Charity Majors 12:48 and they crank all day. And your staff engineers, your principal engineers are in meetings. They're doing cross team collaboration and coordination and which is what they want to be doing. Typically, they spent ten or twenty years in that with their headphones on cranky and they're, you know, they want to solve new problems now. But like, you need people who can just put their headphones on, write code, ship shit all day long.
Charity Majors 13:14 And then often your intermediate engineers are the ones who can really be, to use your word, the most powerhouses.
Conor Bronsdon 13:21 Let's say someone comes to you and they say, Hey, I'm just going to build, I'm building a startup and I'm just hiring senior devs. Of these AI code gen tools, they can just ship so much faster and then I can have them solve these big business problems because they have this broader context understanding.

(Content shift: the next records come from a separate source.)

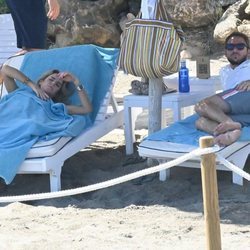 Amelia Bono y Manuel Martos relajados en la playa de Marbella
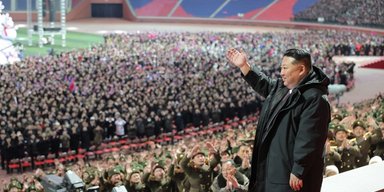 Вероятный наследник: Ким Чен Ын неожиданно показал еще двух членов своей семьи (видео)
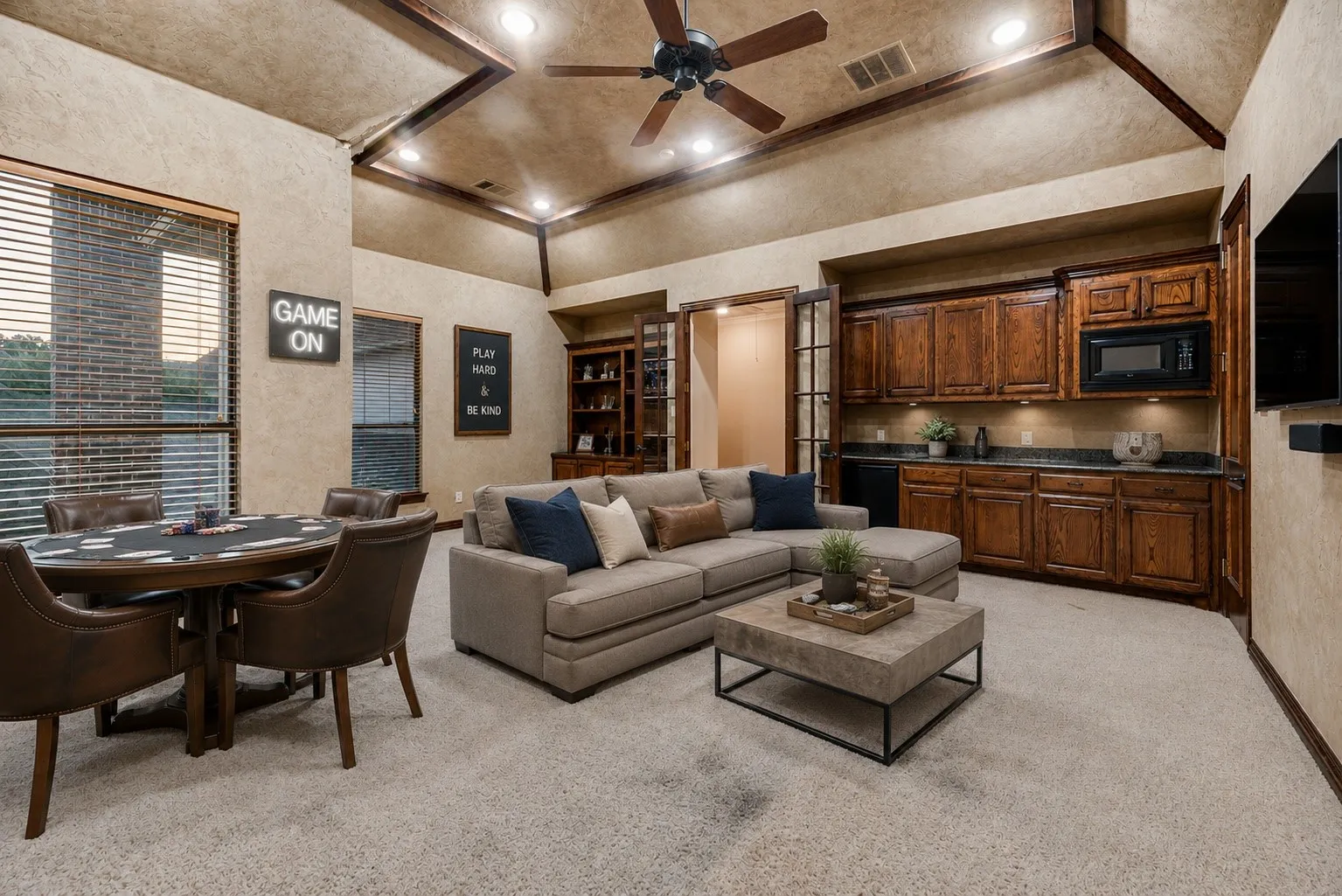 Single Family Residence For Sale in Denton County , 685 Knob Hill Court, Argyle, Texas 76226, 7 Bedroom, 10 Bathroom, 4 Garage spaces, 8,883 Sqft, built in 2005, Price $2,500,000, mls#21353983, Real Estate Agent in Argyle, Homes For Sale in Denton county, Homes For Sale in Argyle, Realtor in Argyle Texas, Real Estate Brokerage Independent Realty Texas, Luminita Cordes Realtor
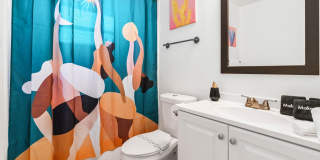 1032 W Jennings Street Gallery 29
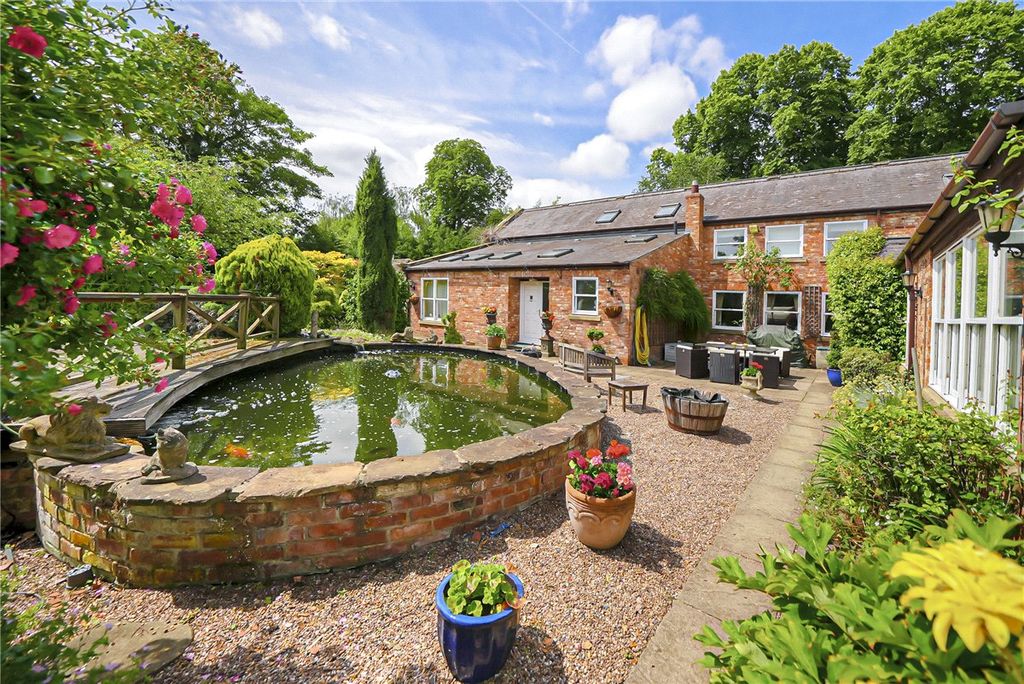 Property photo 1 of 28 Picture No. 79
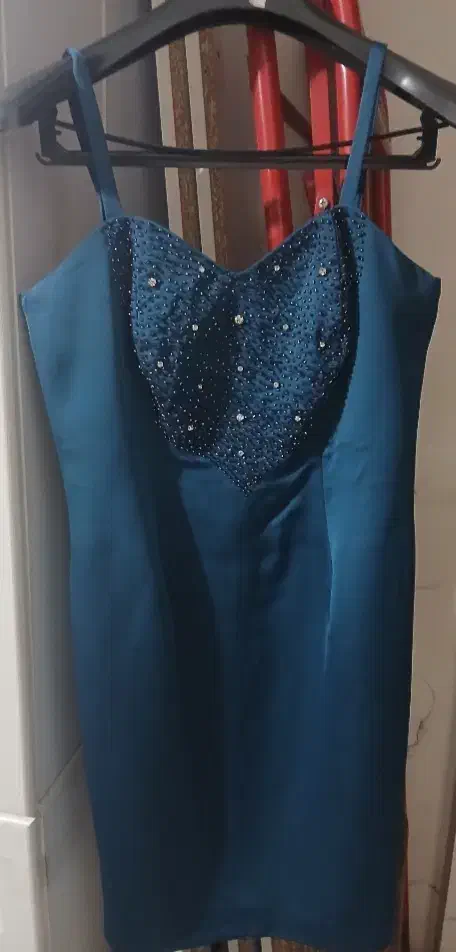 لباس مجلسی|لباس|قدس, شهرقدس|دیوار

Charity Majors 13:38 How would you advise them to build their team differently? What would be the How do we write? I don't think I would advise them to do anything. Interesting. When Honeycomb was small, when we were starting, the first two engineers that we hired are now our only two principal engineers. You know, the first three engineers we hired were solidly staff plus principal engineers. Right. But there comes a point because the biggest risk that any baby startup has is
Charity Majors 14:01 that they're going to go out of business because they're not going move fast enough. Your time horizon in a startup, you can measure in weeks or months, you know, but like you can't plan for more than, I don't know, six months if you're doing great, right? You can't see around that corner. You don't know what you're going be working on. And trying to bring a junior engineer into that environment isn't actually serving them. I'm generalizing grossly, but like, typically
Charity Majors 14:23 but by the time you're planning not for weeks or months, but you're planning for years in advance, you should be able to bring some juniors along. They're an investment in the future. They are not an investment that takes years to pay off, but they are an investment. You know, they need a bit more stability, you know, in the same way that like you don't have four zero one ks matching for, you know, you're
Charity Majors 14:48 you're not paying them much, you know, money. You're paying them in. You know, there are a lot of things that are kind of weird about early startups that we know are not how you build a long term sustainable company.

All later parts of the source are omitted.